If you have the date then see how you feel about if he was to kiss you then that's a good barometer. 'Wahey!' or 'ok then' = a good sign. Put off= no more dates.

Obv a polite 'no' is a completely valid choice too.

Spanielsarepainless · 07/07/2023 13:18

I wouldn't bother.

Seconddateworry · 27/07/2023 18:58

Update - Last weekend we were due to go on the second date finally. We had both been busy with work, but had kept in touch during the weeks between

Honestly, it was all him starting the conversations but I would respond and ask questions and he'd be telling me about things he'd been doing. He would ask about what i'd been doing too. I still felt a little icky but have been keeping an open mind.

We last spoke about a week ago. He textd asking how my day was going. We had a bit of back and forth chat and then the conversation naturally fizzled like it does sometimes. But we did arrange a day for the second date at his request for the weekend

The weekend came around. I was working the day before but really expected a message from him about the date. (He had said he was happy to arrange) Morning of the planned date day came around and he still hadn't text.

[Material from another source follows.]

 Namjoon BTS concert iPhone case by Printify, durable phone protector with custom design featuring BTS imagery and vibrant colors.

End of the day came and went. He never text and we never went on the date. How strange. I was willing to be open minded and go on the second date.

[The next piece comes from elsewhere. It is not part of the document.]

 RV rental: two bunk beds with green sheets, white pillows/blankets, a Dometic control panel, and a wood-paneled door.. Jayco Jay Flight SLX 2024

Whats so weird is how keen he had been through the whole thing. I was the one with doubts. He was still keen until a few days befroe planed date so wondering what happened.

Of course, as we know, I had doubts anyway so im not overly upset about it, just a bit confused as he had said how much he liked me and wanted the second date ...

OP posts:
Watchkeys · 27/07/2023 19:10

I wouldn't go on a date unless I really wanted to go on the date.

Call me odd...

Seconddateworry · 27/07/2023 22:44

Was being open minded but decision made for me I guess
!

OP posts:
Ownedbykitties · 10/01/2024 13:32

Don't dismiss your gut feeling. There's an evolutionary reason for it.